金与正氏と文在寅大統領Photo:EPA=JIJI

爆破された連絡事務所は
文大統領肝いりの施設

 北朝鮮が南北交流の象徴だった開城の南北共同連絡事務所を爆破するなど、韓国との対話拒絶を明確にする実力行使に出たことで、朝鮮半島情勢はかつての韓国保守政権時代に戻るかのような対立の構図だ。

 北朝鮮が新たな挑発に踏み出した背景には、米国との非核化交渉の行き詰まりや制裁の長期化に加えて、新型コロナウイルスの感染拡大で中国との国境を閉鎖せざるを得なくなり、一段と経済情勢が悪化したことなどがある。

 国民の不満を外に向ける思惑があるとともに、金正恩労働党委員長らのいら立ちと怒りの矛先は韓国の文在寅大統領に向けられたといえる。

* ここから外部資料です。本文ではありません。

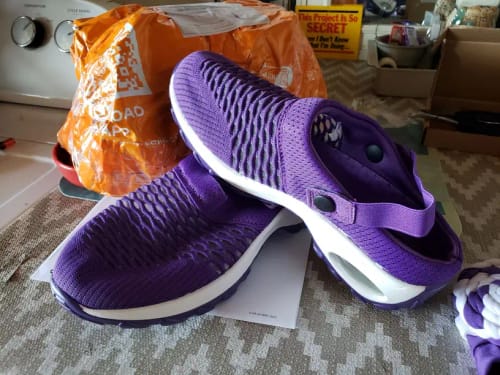 Customer photo review of ⭐Last Day Sale 50% OFF⭐Orthopedic Clogs With Air Cushion Support to Reduce Back and Knee Pressure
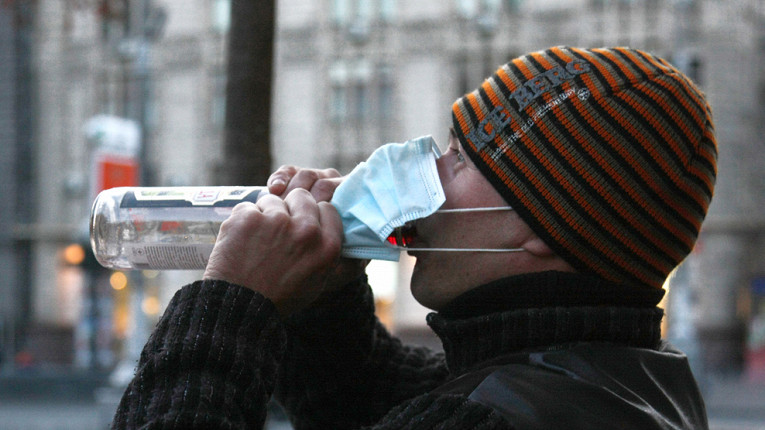 В России на фоне коронавируса упали продажи водки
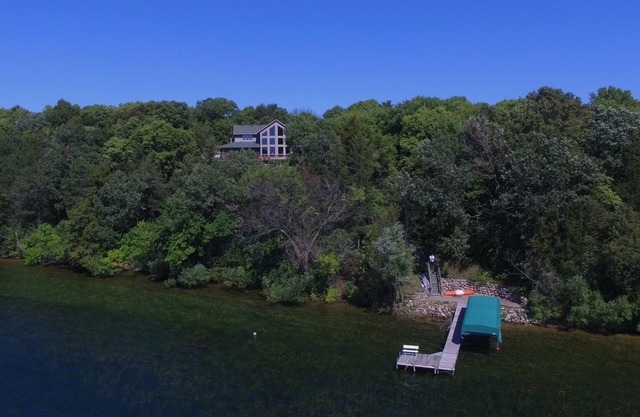 Large Family Cabin on Lake Sylvia -Beautiful & Clean Lake! Awesome Fishing
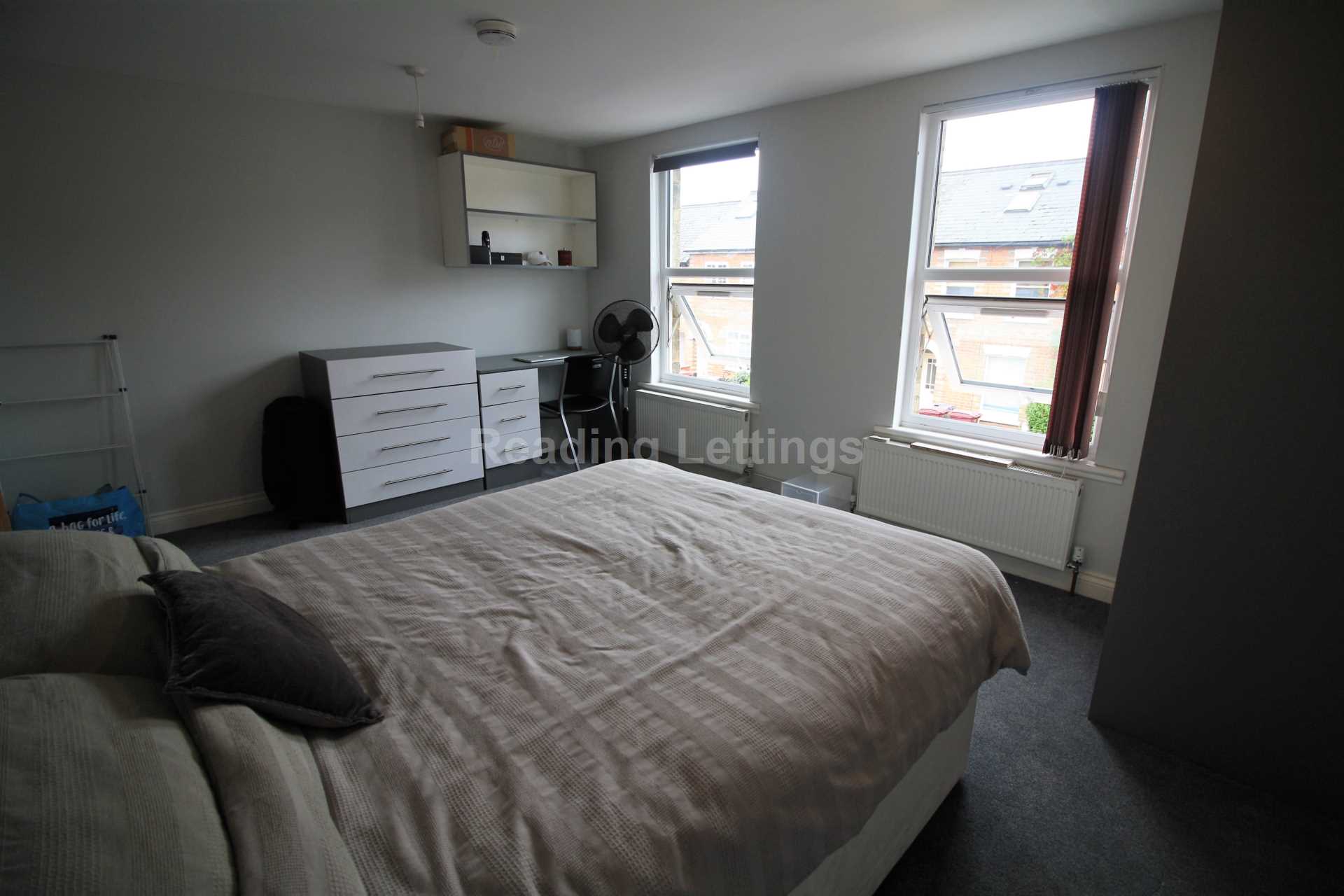 Donnington Gardens, Reading, Image 9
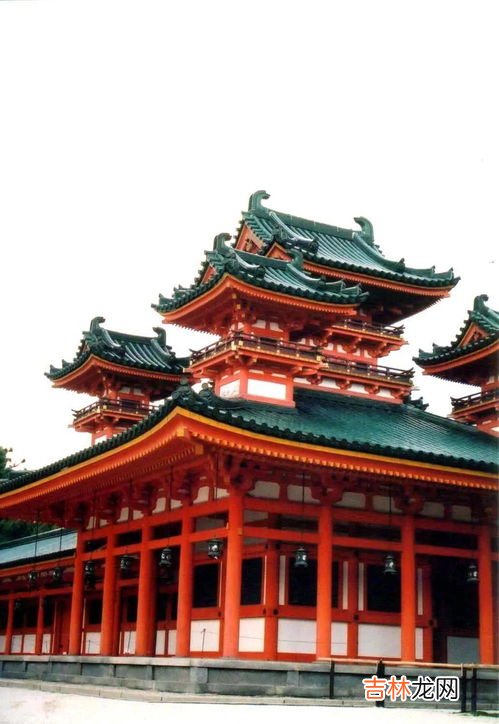 古建筑内严禁使用什么等高温照明灯具,古建筑内不应设置大于多少瓦的白炽灯?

 16日、南北共同連絡事務所の爆破を命令した正恩氏の妹の金与正氏は談話文で、「わが祖国の象徴であり、偉大な尊厳の代表者である委員長同志の絶対的な権威を冒涜(ぼうとく)し、わが地域に汚物(ビラ)を押し付けたクズども」に対する報復と明言したが、本音は違うところにあったと思われる。

 表向きは、金正恩委員長を批判するビラを風船で飛ばした韓国の脱北者団体を非難したものだが、報復の最初のターゲットに南北共同連絡事務所を選んだことからも北朝鮮の「真意」がうかがえる。